(DATA EXTRACT)
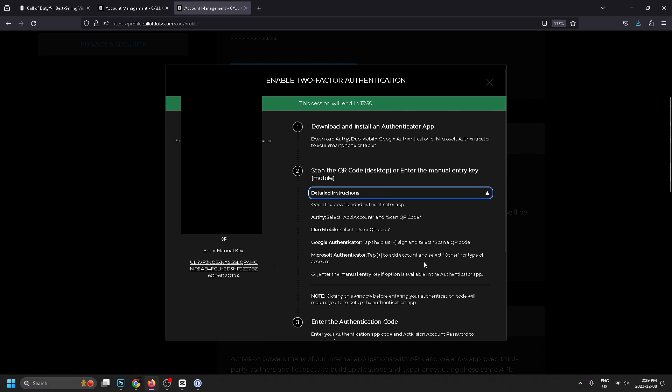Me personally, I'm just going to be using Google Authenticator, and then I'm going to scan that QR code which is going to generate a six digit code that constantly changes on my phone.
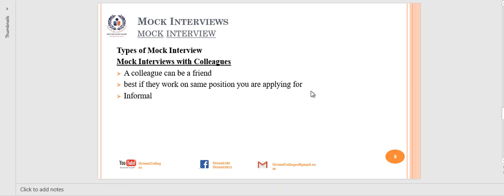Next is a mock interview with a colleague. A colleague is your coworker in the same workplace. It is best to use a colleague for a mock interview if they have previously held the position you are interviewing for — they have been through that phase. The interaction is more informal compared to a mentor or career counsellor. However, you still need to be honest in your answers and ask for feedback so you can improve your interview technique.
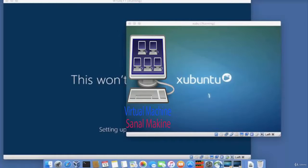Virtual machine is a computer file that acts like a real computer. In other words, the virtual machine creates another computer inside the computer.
(End DATA EXTRACT)
* **WHAT IS NEEDED**
Your answer should be the lines from the line containing "Next is a mock" through the end of the listing above, output exactly and alone, without the pictures.

* **THE COMPLETED TASK**
Next is a mock interview with a colleague. A colleague is your coworker in the same workplace. It is best to use a colleague for a mock interview if they have previously held the position you are interviewing for — they have been through that phase. The interaction is more informal compared to a mentor or career counsellor. However, you still need to be honest in your answers and ask for feedback so you can improve your interview technique.
Virtual machine is a computer file that acts like a real computer. In other words, the virtual machine creates another computer inside the computer.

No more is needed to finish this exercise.